ASSIGNMENT:
Hunt for the word "Shoes" across the entries below, copying each line that holds it.

═════ SOURCE MATERIAL

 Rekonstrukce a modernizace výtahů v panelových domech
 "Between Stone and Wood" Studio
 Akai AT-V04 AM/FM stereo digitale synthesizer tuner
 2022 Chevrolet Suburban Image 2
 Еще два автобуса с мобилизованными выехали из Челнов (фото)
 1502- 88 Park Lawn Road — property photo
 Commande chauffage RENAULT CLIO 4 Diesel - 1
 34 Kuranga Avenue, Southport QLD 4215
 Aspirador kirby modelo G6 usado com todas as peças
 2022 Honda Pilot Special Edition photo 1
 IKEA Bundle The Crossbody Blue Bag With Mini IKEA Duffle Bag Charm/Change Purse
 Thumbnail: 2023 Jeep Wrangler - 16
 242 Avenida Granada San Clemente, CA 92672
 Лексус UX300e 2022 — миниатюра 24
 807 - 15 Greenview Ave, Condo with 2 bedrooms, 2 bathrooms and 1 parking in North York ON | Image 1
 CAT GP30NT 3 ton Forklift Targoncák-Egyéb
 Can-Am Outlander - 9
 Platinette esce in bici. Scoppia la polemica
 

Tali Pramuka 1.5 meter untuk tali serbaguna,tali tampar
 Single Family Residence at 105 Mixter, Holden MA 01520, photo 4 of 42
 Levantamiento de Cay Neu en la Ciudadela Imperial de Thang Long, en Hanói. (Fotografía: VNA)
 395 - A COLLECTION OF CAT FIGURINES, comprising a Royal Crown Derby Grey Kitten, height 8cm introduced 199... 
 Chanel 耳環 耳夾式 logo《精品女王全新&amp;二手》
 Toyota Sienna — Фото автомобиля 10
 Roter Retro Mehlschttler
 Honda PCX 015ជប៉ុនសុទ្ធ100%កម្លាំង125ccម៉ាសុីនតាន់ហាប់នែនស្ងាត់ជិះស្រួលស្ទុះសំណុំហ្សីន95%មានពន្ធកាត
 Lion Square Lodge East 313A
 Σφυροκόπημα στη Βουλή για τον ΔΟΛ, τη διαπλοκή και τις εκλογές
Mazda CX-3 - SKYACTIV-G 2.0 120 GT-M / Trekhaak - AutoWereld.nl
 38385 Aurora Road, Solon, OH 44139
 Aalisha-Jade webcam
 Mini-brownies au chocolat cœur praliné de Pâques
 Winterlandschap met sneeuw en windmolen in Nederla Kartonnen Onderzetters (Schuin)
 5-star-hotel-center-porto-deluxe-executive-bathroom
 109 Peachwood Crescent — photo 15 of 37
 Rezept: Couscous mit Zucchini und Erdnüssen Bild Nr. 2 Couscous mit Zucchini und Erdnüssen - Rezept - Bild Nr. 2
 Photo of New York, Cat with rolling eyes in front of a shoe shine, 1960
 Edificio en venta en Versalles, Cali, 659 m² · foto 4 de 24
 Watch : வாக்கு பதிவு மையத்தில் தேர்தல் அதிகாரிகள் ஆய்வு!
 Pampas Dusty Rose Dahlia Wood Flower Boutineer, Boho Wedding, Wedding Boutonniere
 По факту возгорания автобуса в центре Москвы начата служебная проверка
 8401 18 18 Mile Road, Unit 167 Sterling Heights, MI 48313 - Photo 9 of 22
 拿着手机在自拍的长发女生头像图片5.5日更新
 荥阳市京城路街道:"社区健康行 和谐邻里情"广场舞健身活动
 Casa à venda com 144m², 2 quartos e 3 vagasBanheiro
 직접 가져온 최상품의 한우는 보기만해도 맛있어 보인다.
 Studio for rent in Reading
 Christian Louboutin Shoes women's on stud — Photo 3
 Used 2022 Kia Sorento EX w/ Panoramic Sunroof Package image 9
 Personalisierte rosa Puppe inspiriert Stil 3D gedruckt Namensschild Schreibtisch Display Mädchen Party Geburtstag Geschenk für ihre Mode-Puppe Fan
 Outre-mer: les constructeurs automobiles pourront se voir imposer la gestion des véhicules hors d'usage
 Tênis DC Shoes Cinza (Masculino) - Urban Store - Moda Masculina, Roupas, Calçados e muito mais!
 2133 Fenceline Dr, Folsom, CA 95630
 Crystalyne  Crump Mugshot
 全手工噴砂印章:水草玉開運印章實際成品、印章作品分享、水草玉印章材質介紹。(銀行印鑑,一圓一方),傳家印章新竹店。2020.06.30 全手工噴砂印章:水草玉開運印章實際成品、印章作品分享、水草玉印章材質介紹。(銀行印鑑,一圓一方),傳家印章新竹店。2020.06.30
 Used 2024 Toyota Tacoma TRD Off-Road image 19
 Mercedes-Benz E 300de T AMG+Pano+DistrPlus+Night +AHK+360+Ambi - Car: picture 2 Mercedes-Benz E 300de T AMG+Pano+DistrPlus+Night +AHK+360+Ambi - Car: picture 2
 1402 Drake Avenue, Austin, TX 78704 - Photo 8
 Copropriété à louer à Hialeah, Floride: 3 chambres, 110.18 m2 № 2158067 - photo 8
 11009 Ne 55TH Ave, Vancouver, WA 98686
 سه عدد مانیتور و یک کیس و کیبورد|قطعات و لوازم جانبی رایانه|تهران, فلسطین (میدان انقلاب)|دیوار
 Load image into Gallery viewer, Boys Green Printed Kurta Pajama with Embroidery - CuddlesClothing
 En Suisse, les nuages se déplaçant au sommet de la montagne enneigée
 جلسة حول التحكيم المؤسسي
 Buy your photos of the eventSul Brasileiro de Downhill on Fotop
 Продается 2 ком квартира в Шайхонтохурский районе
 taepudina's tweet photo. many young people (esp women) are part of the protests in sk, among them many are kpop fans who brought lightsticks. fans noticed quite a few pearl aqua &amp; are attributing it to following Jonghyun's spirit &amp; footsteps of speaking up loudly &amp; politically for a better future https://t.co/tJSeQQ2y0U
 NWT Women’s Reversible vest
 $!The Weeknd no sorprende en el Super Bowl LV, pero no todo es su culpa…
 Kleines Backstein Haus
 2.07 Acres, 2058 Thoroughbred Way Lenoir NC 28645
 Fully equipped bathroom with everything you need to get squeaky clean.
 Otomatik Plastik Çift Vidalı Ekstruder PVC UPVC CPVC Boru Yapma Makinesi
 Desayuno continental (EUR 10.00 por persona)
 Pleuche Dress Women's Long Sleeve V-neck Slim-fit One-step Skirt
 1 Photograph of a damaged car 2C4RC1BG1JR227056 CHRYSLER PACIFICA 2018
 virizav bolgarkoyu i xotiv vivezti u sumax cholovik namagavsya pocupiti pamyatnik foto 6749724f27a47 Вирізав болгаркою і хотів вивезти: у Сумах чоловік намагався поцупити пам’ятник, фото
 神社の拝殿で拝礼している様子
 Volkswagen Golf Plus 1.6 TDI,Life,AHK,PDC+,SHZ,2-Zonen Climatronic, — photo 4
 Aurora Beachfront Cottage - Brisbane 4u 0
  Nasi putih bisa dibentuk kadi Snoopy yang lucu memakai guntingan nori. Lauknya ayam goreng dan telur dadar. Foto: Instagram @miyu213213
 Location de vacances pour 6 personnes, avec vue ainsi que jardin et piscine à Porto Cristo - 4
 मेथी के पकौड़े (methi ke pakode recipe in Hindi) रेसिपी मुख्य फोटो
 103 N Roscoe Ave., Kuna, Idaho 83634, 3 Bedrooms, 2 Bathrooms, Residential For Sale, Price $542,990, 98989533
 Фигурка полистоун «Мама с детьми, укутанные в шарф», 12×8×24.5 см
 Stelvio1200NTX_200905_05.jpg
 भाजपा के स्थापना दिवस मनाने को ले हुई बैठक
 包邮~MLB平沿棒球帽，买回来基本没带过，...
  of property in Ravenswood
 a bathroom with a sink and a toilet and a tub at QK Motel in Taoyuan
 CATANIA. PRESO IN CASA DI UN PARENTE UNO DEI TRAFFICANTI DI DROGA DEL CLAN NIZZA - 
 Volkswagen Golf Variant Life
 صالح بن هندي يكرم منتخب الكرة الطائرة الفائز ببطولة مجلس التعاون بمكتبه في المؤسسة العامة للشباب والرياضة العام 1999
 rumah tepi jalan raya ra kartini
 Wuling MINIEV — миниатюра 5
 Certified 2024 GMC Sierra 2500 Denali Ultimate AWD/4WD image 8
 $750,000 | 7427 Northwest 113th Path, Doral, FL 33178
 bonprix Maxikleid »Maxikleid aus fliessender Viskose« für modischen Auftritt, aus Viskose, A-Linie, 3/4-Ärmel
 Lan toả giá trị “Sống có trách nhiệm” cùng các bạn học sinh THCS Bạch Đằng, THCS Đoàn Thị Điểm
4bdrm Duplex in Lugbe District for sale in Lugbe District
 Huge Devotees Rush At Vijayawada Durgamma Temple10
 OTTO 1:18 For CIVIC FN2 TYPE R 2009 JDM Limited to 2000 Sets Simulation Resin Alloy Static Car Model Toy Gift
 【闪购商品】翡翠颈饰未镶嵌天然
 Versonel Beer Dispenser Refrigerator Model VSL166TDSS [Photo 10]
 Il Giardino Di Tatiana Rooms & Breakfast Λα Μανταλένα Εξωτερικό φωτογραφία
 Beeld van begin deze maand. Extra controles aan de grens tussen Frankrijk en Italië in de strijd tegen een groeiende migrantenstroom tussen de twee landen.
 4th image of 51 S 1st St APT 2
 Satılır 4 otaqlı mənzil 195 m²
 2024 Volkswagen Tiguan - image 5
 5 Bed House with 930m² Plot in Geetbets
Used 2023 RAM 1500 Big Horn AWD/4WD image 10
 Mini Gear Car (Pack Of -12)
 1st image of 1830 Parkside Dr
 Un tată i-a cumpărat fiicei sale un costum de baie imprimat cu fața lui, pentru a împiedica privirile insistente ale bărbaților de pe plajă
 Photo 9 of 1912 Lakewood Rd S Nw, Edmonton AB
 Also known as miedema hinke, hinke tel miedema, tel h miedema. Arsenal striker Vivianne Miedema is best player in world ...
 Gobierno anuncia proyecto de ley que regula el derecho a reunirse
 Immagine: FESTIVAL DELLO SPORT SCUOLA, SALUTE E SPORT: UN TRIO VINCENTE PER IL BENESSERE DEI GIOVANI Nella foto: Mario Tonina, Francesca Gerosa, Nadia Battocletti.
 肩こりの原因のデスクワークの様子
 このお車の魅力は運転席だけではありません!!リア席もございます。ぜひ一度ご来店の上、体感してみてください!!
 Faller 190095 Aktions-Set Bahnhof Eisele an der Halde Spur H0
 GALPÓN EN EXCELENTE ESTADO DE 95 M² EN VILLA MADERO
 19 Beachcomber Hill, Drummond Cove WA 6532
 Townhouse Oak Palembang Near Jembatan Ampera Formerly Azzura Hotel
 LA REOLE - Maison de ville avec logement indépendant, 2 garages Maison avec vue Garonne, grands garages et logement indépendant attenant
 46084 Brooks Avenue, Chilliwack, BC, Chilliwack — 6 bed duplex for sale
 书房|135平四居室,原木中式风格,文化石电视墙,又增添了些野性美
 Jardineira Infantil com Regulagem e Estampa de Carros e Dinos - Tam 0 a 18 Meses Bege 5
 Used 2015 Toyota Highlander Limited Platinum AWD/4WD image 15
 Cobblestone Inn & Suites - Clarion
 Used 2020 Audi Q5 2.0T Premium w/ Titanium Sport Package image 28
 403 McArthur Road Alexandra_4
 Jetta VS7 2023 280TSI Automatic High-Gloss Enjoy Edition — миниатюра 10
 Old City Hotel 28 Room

══════════

RESPONSE BELOW:
 Christian Louboutin Shoes women's on stud — Photo 3
 Tênis DC Shoes Cinza (Masculino) - Urban Store - Moda Masculina, Roupas, Calçados e muito mais!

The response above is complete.